Oprah_ A Biography - Kitty Kelley [195]
• In 1991 she earned $80 million and wrote checks for $100,000 to buy books for the Harold Washington Library in Chicago, $50,000 to the Rev. Cecil Williams’s Glide Memorial United Methodist Church, and $1,000 to the Purple Heart Cruise.
• In 1992 she earned $88 million and wrote a check for $50,000 to the LaPorte County Child Abuse Prevention Council in Indiana, near her farm, and $30,000 to Every Woman’s Place, a women’s shelter in Muskegon, Michigan. She also donated twenty Dakota adapters for deaf students for closed-caption TV shows.
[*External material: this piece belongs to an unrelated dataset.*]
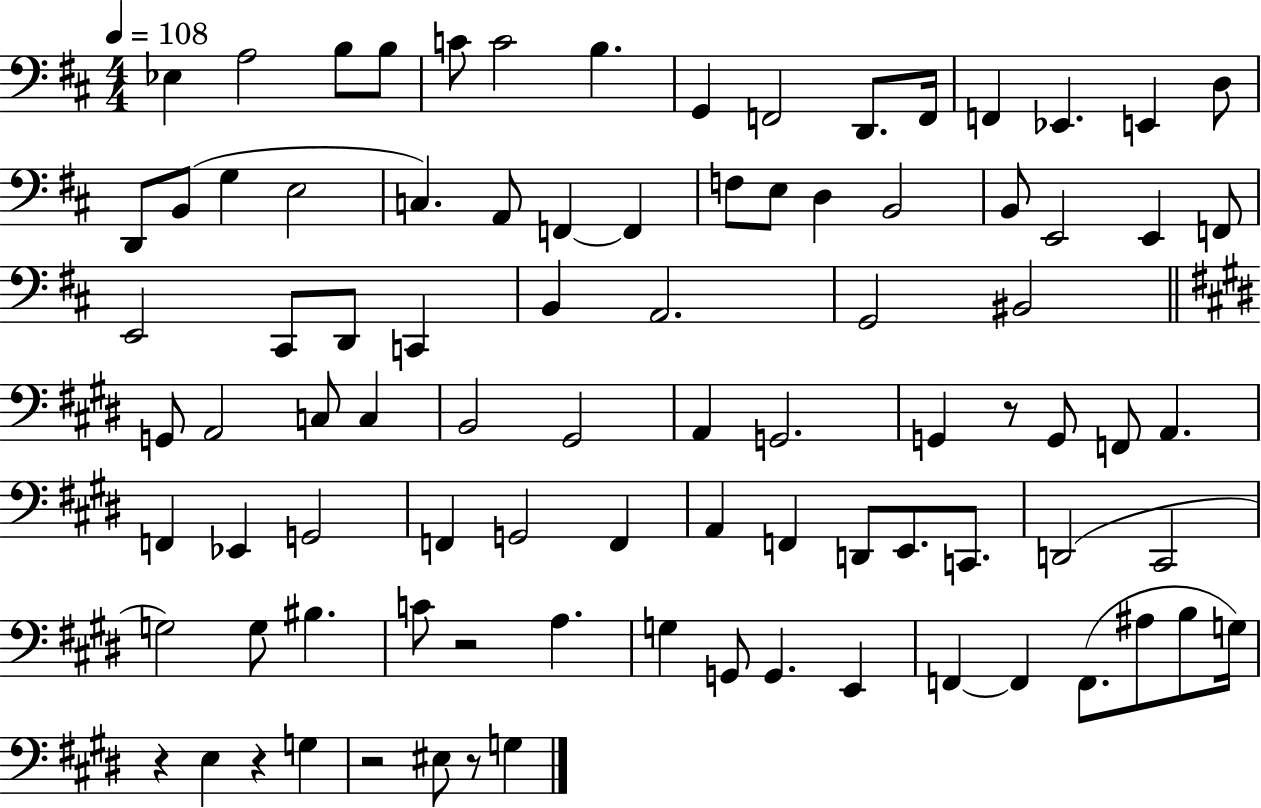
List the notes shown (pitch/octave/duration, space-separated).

• In 1993 she earned $98 million, and after filming There Are No Children Here in the Chicago projects, she donated her $500,000 salary to endow scholarships for low-income children in the Henry Horner Homes through a foundation she named “There Are No Children Here.” She gave $50,000 to the Holy Family Preservation Society, one of Chicago’s oldest churches, and $1 million to the city’s predominantly African American Providence–St. Mel School. “The money will go towards setting up scholarships for disadvantaged children,” she told reporters.
• In 1994 she earned $105 million and donated her $10,000 award from the Council on Women’s Issues in Chicago to Providence–St. Mel. She held her first charity auction of her clothes and raised $150,000, which she divided between Hull House in Chicago and FamiliesFirst in Sacramento. More important, she felt financially secure enough to begin engaging again in her giving. This time she made a gesture that captured the country’s attention: she would single-handedly stop the cycle of poverty in America. She held a press conference to say that she would start in Chicago by setting up a foundation called Families for a Better Life, with the intention of moving one hundred families out of the projects and into private housing, giving them job training, health care, financial counseling, educational assistance, and $30,000 in financial aid for two years. She pledged $6 million to her program. “I want to destroy the welfare mentality, the belief in victimization,” she said.
Oprah had no sympathy for welfare recipients and frequently berated them. “I was a welfare daughter, just like you.… How did you let yourselves become welfare mothers? Why did you choose this? I didn’t.” The women looked ashamed that they were not good enough to be accepted by Oprah. “When Welfare Warriors, a Milwaukee group of activist moms in poverty, were invited to appear [on one of her welfare shows], we accepted … despite our anger at Oprah’s betrayal of African American moms in poverty and her frequent attacks on all moms who receive welfare,” wrote Pat Gowens, editor of Mother Warriors Voice. “Her contempt for impoverished mothers actually increased Welfare Warriors’ membership when African American moms joined specifically to picket Oprah. (A typical Oprah assault on a welfare mom in her audience: ‘But you sit home with your feet up collecting that monthly check.’).